The Global South is a term generally used to identify developing countries in the regions of Latin America, Africa, Asia and Oceania. Today the Global South represents 85% of the world’s population and nearly 39% of global GDP. Some leading countries in the Global South include India, Indonesia, Nigeria, and Brazil.  These countries are enjoying the demographic dividend, with the expectation of them to go through a period of rapid economic development.

For enterprises in the U.S., the Global South is key to replace China to fulfill the missing manufacturing capabilities and to provide affordable products for U.S consumers. The past three decades of globalization presented the U.S. companies with a golden opportunity to make easy money through outsourcing their manufacturing capabilities. However, purely driven by profits, easy money can also be poisoned candy. Now manufacturing in the U.S. falls far behind China.

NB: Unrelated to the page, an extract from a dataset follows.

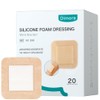 Dimora Silicone Foam Dressing 3x3 inch with Border 20 Pack,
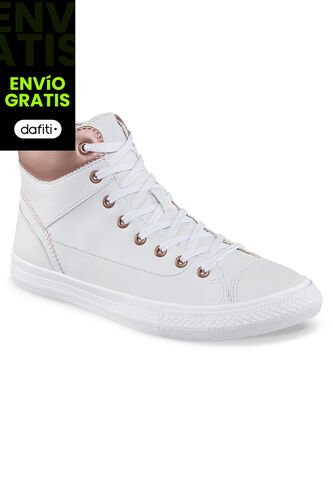 Botines Qamura Alto Rosa Para Mujer Croydon Croydon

Just how far behind is the U.S. manufacturing compared to China? “Manufacturing in America is a joke!” one day I was having dinner with a Chinese technology tycoon whose company owns more than 50% of the global market share in an advanced manufacturing industry. The tycoon once tried to set up a factory in the U.S., but the project failed since the investment and operating costs were projected to be five times higher compared to manufacturing in China. His comment shocked me as he was not talking about a labor-intensive business such as textile, but an advanced manufacturing business that demands highly skilled workers.

Many have concluded that the U.S. lost its manufacturing foundation to globalization, of which the U.S. has benefited more than the rest of the world. Since globalization emerged in the 1970s, the U.S. has gained trillions of dollars, or 11%~19% of its annual GDP. Many technology companies, such as Apple, have outsourced their advanced manufacturing plants to emerging markets such as China and India, to minimize costs through employing affordable labors and to maximize profits through accessing these booming markets.

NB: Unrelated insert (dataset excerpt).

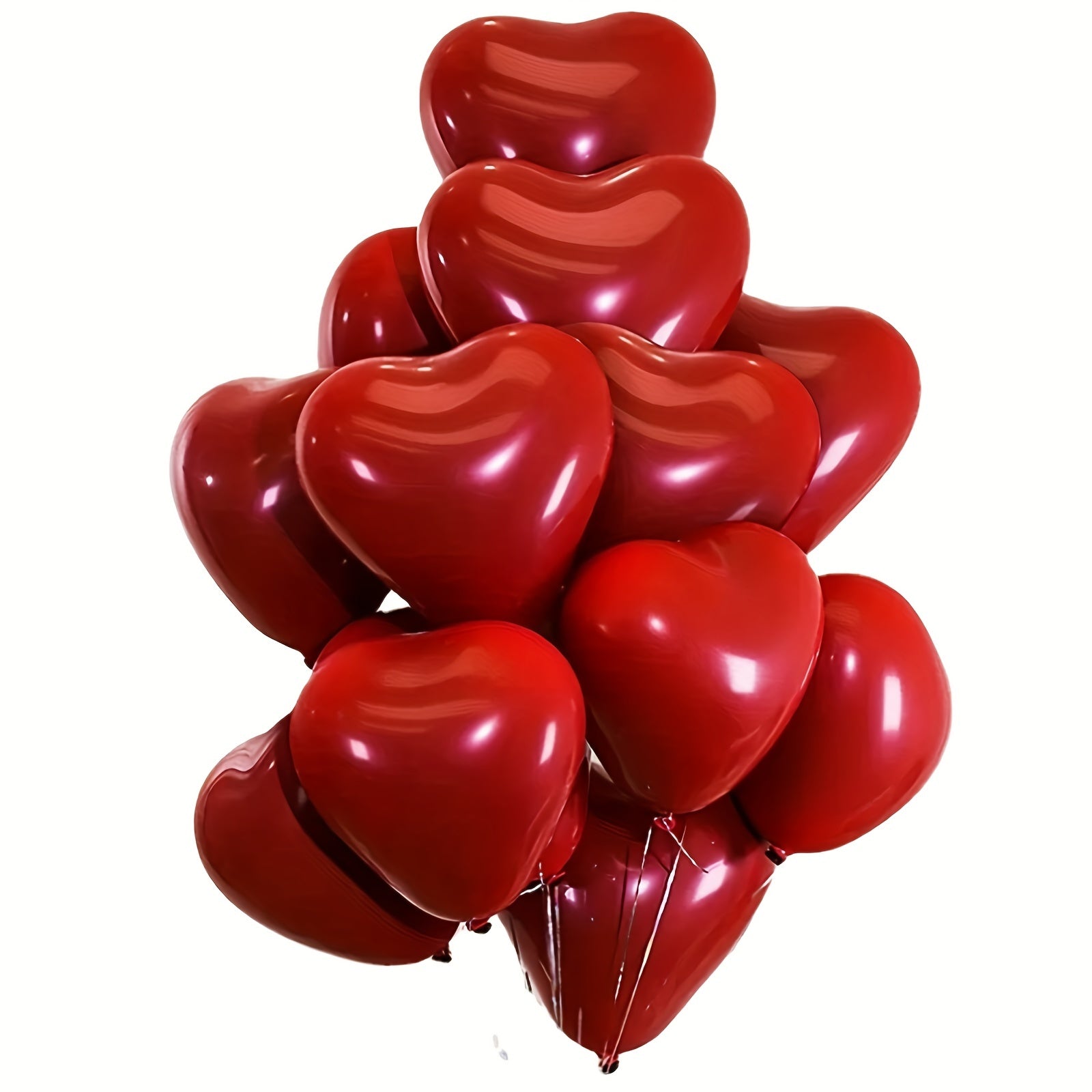 31pcs Red Heart Shaped Balloon Set for Wedding Party Decoration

To address the internal social problems brought by globalization and to bring manufacturing jobs back to the U.S., the Trump administration applied tariffs on imported products.  But this approach has been proven ineffective as it introduced additional social problems, such as the recent surge in inflation. This approach is not sustainable as well, take India for example, the current population of India is 1.4 billion, and the growth rate is 0.8%, and the median age of India’s population is 28.4, India’s skilled worker monthly average salary is $422. Compared to India, the U.S. is facing the problem of an aging population and high labor costs. U.S.’s skilled worker average salary is around $3000.

I argue that the only viable solution for enterprises in the U.S. now is to quickly incubate manufacturing capabilities in the Global South, leveraging these countries’ affordable skilled labor to fulfill the manufacturing gap left out by China. Indeed, many U.S. companies have already started the process of moving manufacturing plants out of China to India and Southeast Asia. In addition, the recent establishment of TSMC semiconductor plants in Arizona demonstrates the U.S.’s determination to regain its advantage in the most critical technology industries.

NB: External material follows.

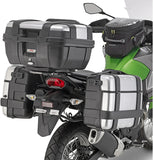 Monokey Trekker Dolomiti Black Aluminium Side Cases - 60 Lt Trekker Dolomiti Aluminium - Givi Compatible With Kawasaki Versys X 300 (2017-2024)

On the other hand, the situation in China is the complete opposite. In the past few decades, with a fully developed supply chain, China is now actively looking to export its products to emerging markets, and the Global South becomes a perfect target for Chinese products and brands. For instance, China’s BYD is actively expanding in the ASEAN market, trying to establish itself as the leading IEV brand there. Also in the consumer electronics sector, China’s Xiaomi, Oppo, and Vivo have been consistently increasing their market shares in the ASEAN market.

To win the Global South, in the past decade China has done much more than having its private companies gaining market shares in these markets. China has invested tens of billions of dollars into infrastructure projects in the Global South countries. Today China is building more than 30% of Africa’s infrastructure projects, and the same happens in Latin America as well.

In addition to hard investments such as infrastructure projects, China also has committed to soft investments such as providing scholarships for students from the Global South to pursue advanced studies in China, and setting up Confucius Institutes in many Global South countries to teach the Chinese language and philosophy. As the Chinese roots deepen in the Global South countries, people in the Global South countries, especially the elites who were educated in China, will gradually get used to the Chinese way of living and ideology. Naturally, this trend will accelerate the integration of the Global South countries into China’s economic network, catalyzing the globalization of China’s RMB.

In summary, I argue that a more important strategic move for the U.S. businesses is winning the Global South, as strengthening the economic ties with the Global South will ensure that the Global South fulfilling the manufacturing void left out by China and maintaining the U.S. dollar’s global dominance. For China, winning the Global South will ensure China’s enterprises’ rise to global economic dominance and the globalization of the RMB. Hence, the Global South is the real frontier of the U.S.-China business competition.